Circus

As a kid in the bush, John Smyth didn’t have much chance to see the circus in person, but he had a treasured picture book about life under the Big Top. More than 60 years later, Smyth got to become part of the Stardust Circus world, not as a tumbler or lion tamer – but as a teacher.

Back in 1999, the career high-school teacher decided it was time to retire and, together with his wife Helen, embark on an epic journey around Australia. They covered 33,000km in six months. When they returned, Smyth found he missed the classroom, so came out of retirement to spend ­another eight years doing casual teaching – but, eventually, his wanderlust returned and he and Helen headed back on the road.

Today, the 75-year-old physics and mathematics teacher slots in time with his grandkids around a packed diary as a volunteer teacher to school students who live in remote locations, under a scheme known as Volunteers for Isolated Students’ Education (VISE).

VISE pairs up energetic people with educational experience – usually retired teachers, such as John – with children whose schooling is largely done remotely, because they live too far away from towns and cities to attend regular school. With their classes conducted via satellite hook-ups, Skype or whatever other methods are available, the children have virtual contact with a paid teacher for several hours a day. The rest of the time they are given assignments to complete. VISE volunteers go and stay with these remote families for six weeks at a time to provide encouragement and practical help to the students.

John grew up in the country and was immediately intrigued when he heard about the scheme. Helen was just as keen. “We love the bush,” he says. While the teacher’s partner isn’t required to contribute, they often help around the home, in the garden or around the property. Since volunteers typically stay for the full six weeks, it’s important for couples to agree on the locations they apply for.

“We’d decided we wouldn’t take a placement where we lived in the house with the family,” John says. “We opted for ones where we could take our own caravan or we’d have a ‘donga’ hut or a cottage, so that we had somewhere we could get away.”

After eight VISE postings, and encountering some challenging families and students, John is still keen to do more. “Occasionally I have had to take a stand and say, ‘If you want my help, here I am, otherwise I’ll pack up and go home – I’m too busy to be sitting around here if we’re not going to work.’ But it’s always turned out really well.” He remains in fond contact with a number of his former students.

He’s racked up stints in some of Australia’s most remote locations, including a 38,000-ha sheep property where they had to meet the mail plane to get school materials, and an 80,000-ha National Park that was 500km from the nearest supermarket. Then John nabbed one of the most sought-after placements in the scheme: a travelling post with Stardust Circus. “It was just wonderful,” he says of the weeks he and Helen spent on the road last year, working with the children in a specially equipped mobile schoolroom.

The lesson timetable was built around the kids’ performance schedules. “The eight-year-old I tutored was a fabulous gymnast who was part of the teeterboard act,” he explains. “A big bloke would jump on the other side, he would swing up in the air, do a couple of twirls and land on his uncle’s shoulders … and his uncle was standing on the boy’s father’s shoulders!”

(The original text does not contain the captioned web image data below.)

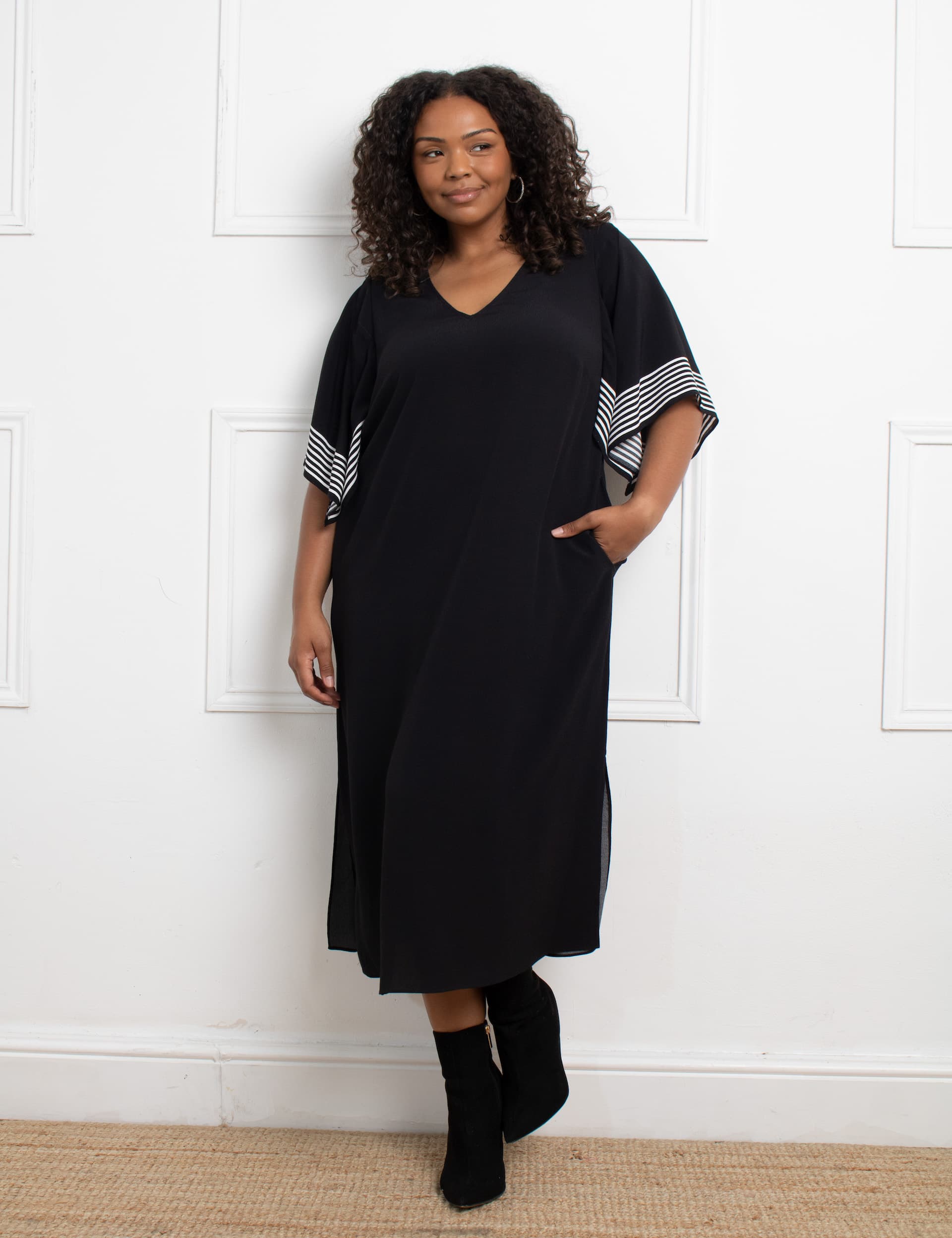 Live Unlimited London Women's Jersey Printed V-Neck Midi Swing Dress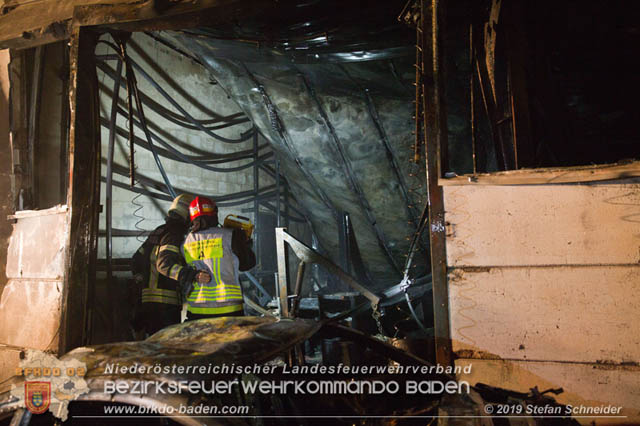 20190512 Großbrand mit gefährlichen Detonationen bei einem Autohaus im Gewerbegebiet Tribuswinkel-Oeynhausen   Foto: © Stefan Schneider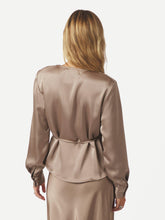 Indlæs billede til gallerivisning NEO NOIR Caprina Sateen Blouse Dark Taupe
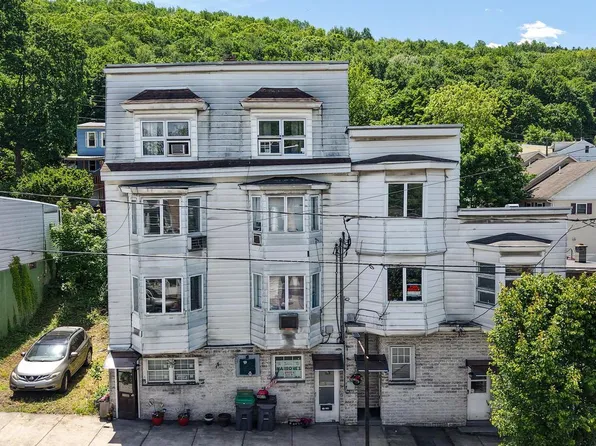 33 W Main St, Girardville, PA 17935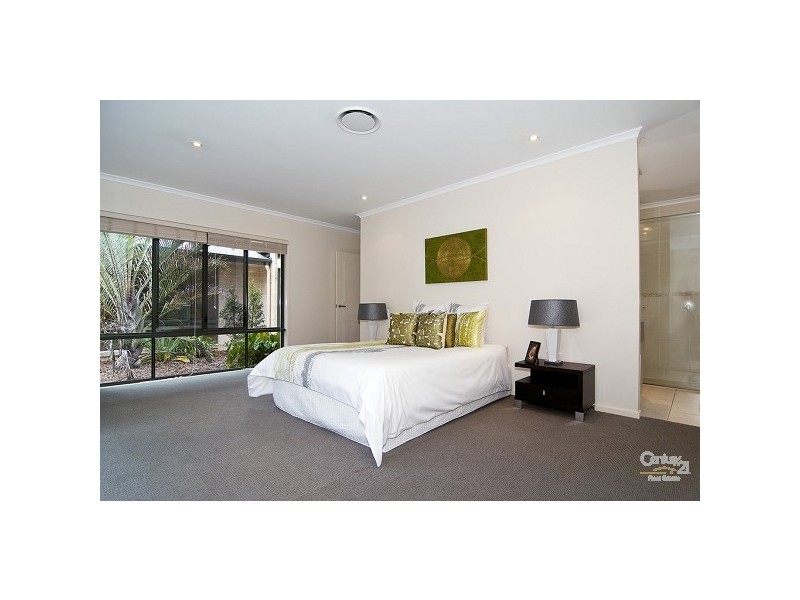 7 Evergreen Drive, Glenview QLD 4553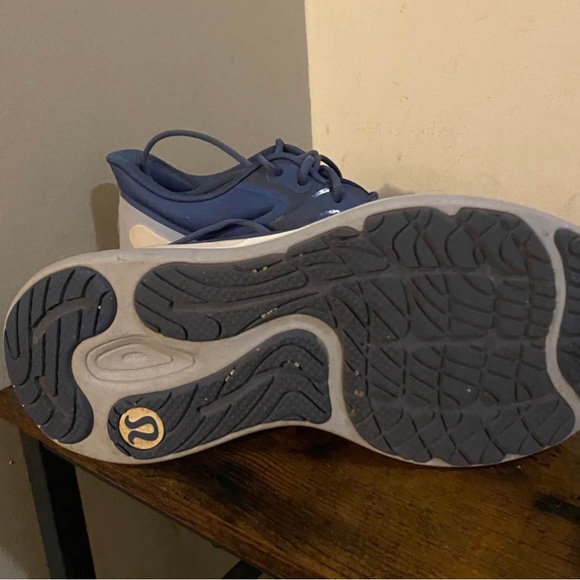 Lululemon bliss feel running shoe size 8 - Picture 3 of 4
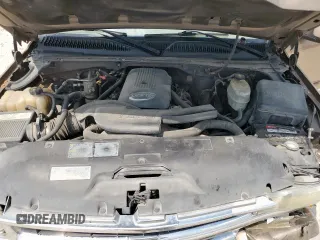 2004 Chevrolet Suburban LT z VIN 1GNEC16Z44R302179, wystawiony jako Copart lot #57956605 z przebiegiem 291 567 mil mil oraz Szkoda całkowita • Salvage title. Historia ofert i sprzedaży dostępna na DreamBid. Obrazek 12.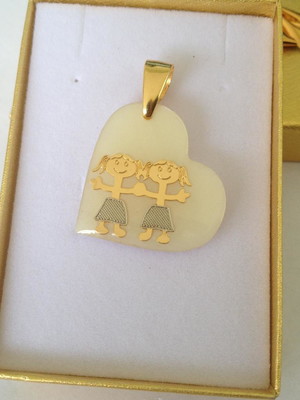 Pingente coração duas meninas 3cm folheado a ouro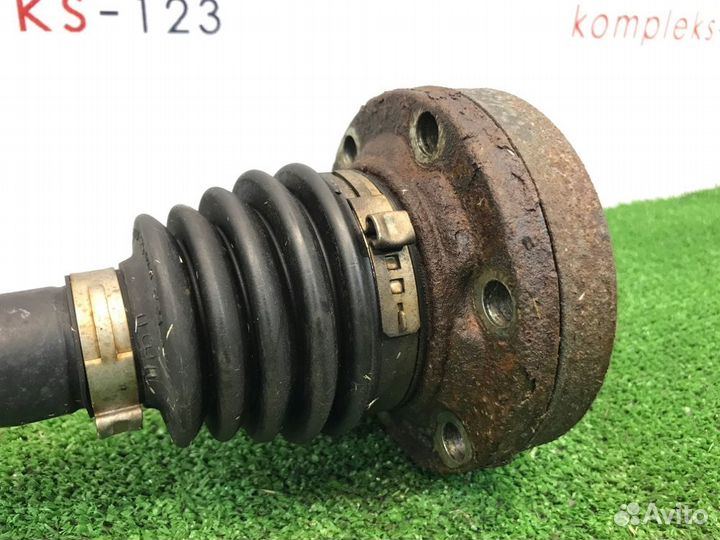 Приводной вал задний Audi Q7 4L BHK 2008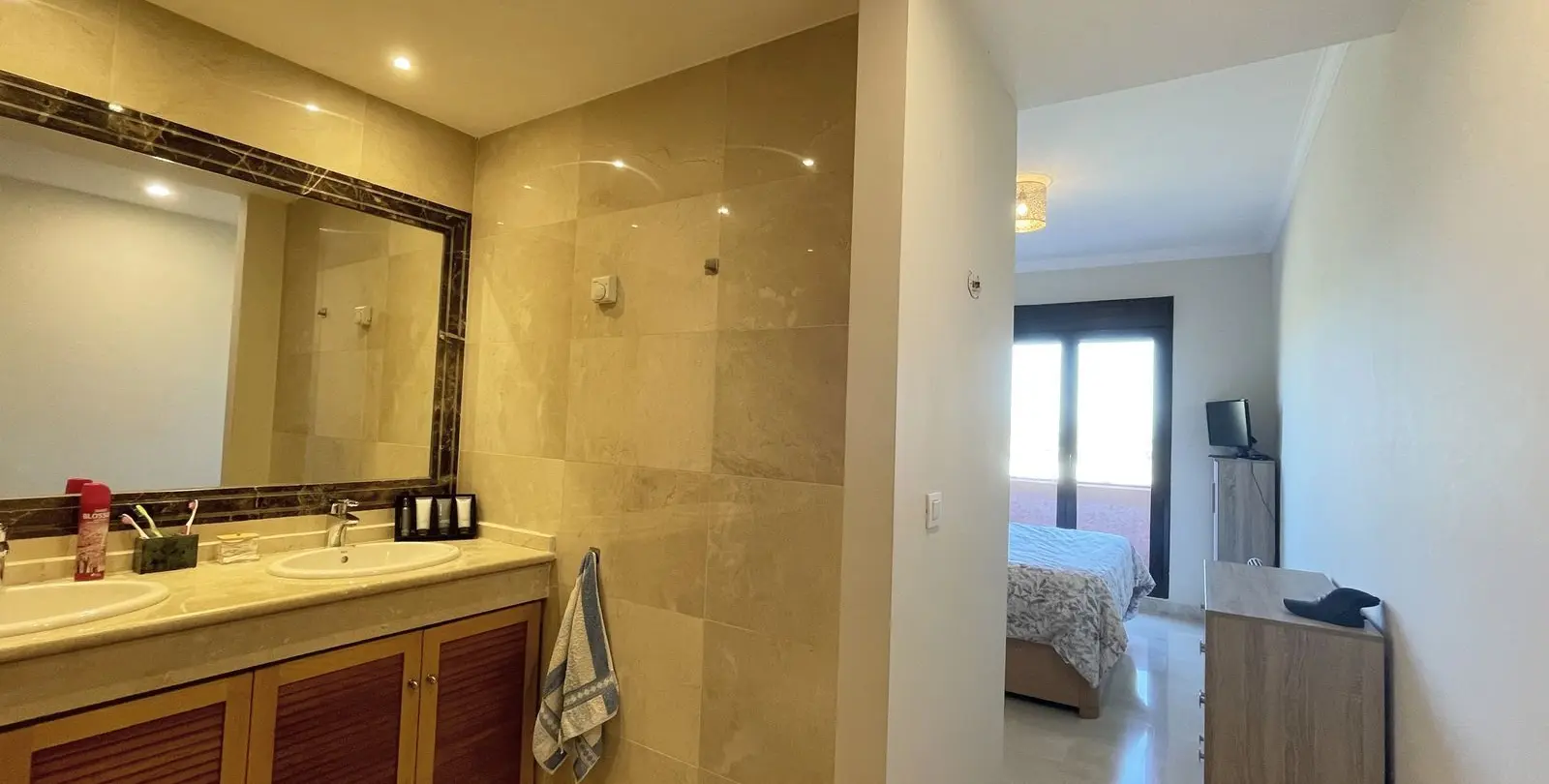 Продажа дома на две семьи в Estepona 14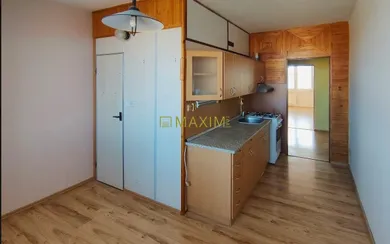 Na predaj 3-izbový byt, 80 m², Malacky, Záhorácka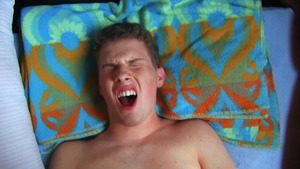 Czech Hunter - Muscle twink boy enjoys hard nailining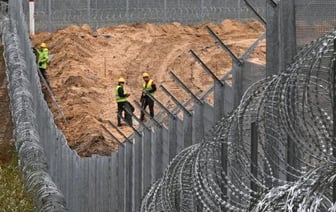 Рвы и мины: Латвия возведет оборонительные позиции на границе с Беларусью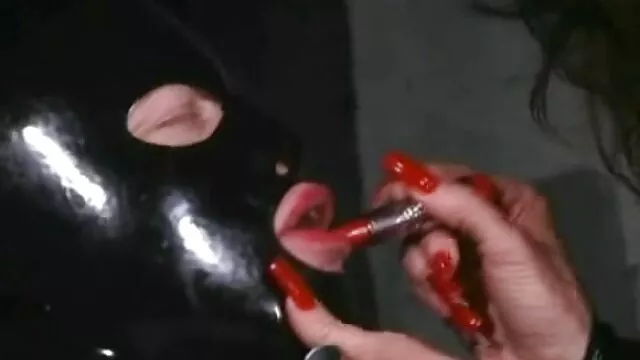 Tốt nhất khiêu dâm, không giấy đăng ký  Một cô sec gai lon to gái trong đen vớ thay thế một Nóng L. cho một dương vật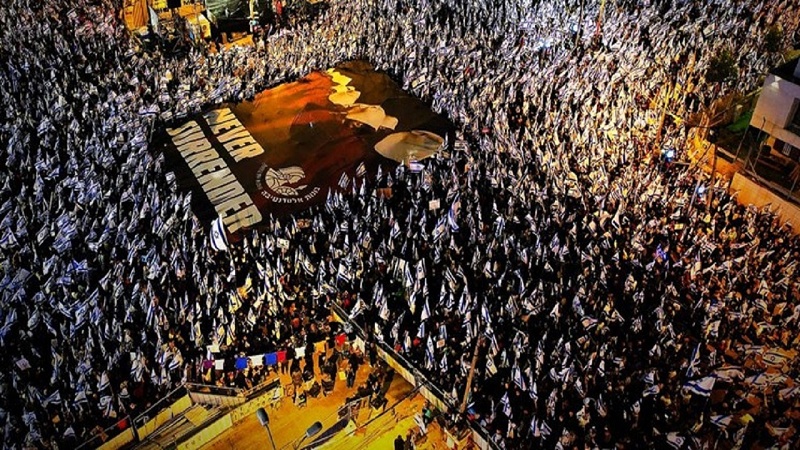 Iranpress: ببینید؛ تظاهرات گسترده علیه نتانیاهو در تل‌آویو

The circus still includes some animal acts, including lions, monkeys, horses, goats and pigs. John and Helen found it extraordinary enough to drift off to sleep to the sound of lions roaring, but then one day the lion-tamer, Matt, accorded them a very special privilege, inviting them in to meet four 13-month-old cubs in person.

While it was understandably a little scary at first going into their enclosure, John says it was “an absolutely fantastic, never to be forgotten experience” which just goes to show it really is never too late: “In my 75th year I finally got to realise my boyhood dream of running away with the circus!”

IF YOU’RE TEMPTED

National Seniors Australia chief executive Michael O’Neill says John’s approach is increasingly common. “We’re seeing more and more people moving from full-time work into other areas of activity that are not traditionally associated with retirement or the later years of life.”

In fact, he says, ‘retirement’ is “almost a dirty word now. People want to enter into new experiences, using previous life knowledge, rather than sitting back and ‘retiring’ as we came to know it in previous generations.”

As in John’s case, many are keen to continue giving back to society, but O’Neill says the way we do this has also changed.

“Many will now say, ‘I’m happy to volunteer and give my time for this particular cause, but let me be clear: I want to contribute my knowledge and skills to your organisation. Don’t think I’m going to be down the back making cups of tea.’?”